Look through the data below for the line with "Beargrass Lodging &", and transcribe it exactly together with each line after it up to and including the line with "Garis polisi telah". Give nothing else.
Start of The data
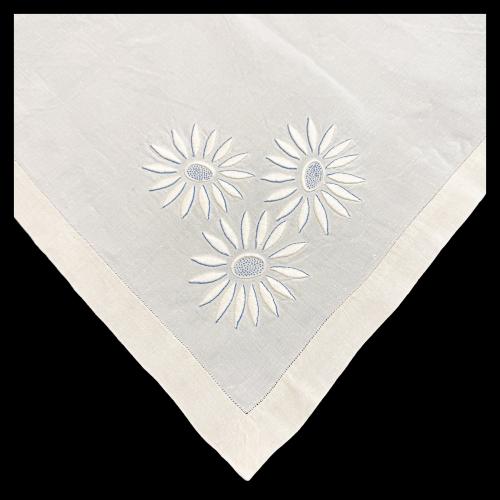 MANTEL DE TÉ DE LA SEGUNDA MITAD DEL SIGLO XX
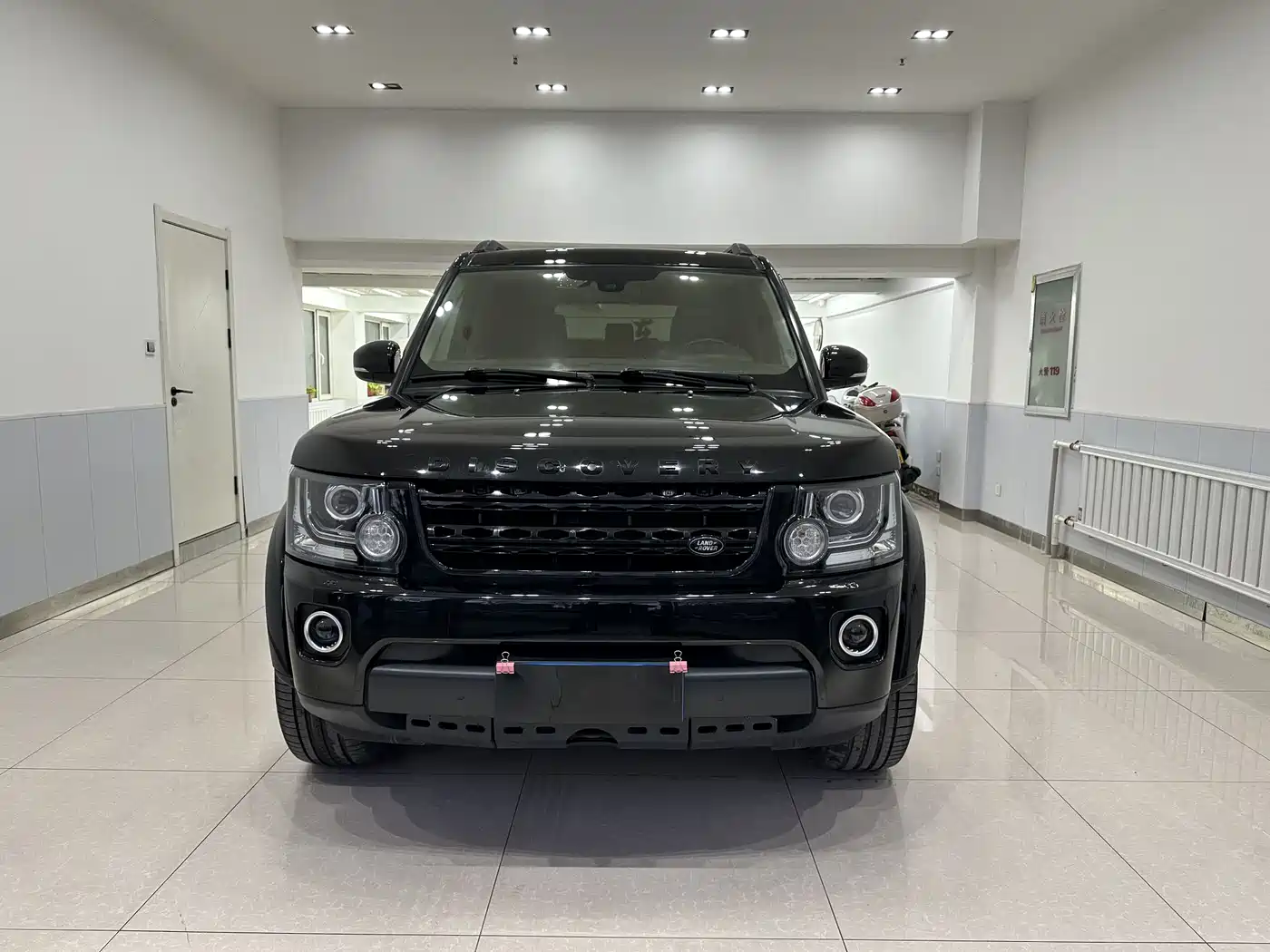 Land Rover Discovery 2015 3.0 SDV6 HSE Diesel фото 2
End of The data
Start of The data
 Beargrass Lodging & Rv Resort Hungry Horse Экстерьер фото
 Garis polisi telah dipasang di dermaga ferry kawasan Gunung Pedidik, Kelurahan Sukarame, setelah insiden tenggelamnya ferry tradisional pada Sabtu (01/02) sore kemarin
End of The data
- Written solution -
 Beargrass Lodging & Rv Resort Hungry Horse Экстерьер фото
 Garis polisi telah dipasang di dermaga ferry kawasan Gunung Pedidik, Kelurahan Sukarame, setelah insiden tenggelamnya ferry tradisional pada Sabtu (01/02) sore kemarin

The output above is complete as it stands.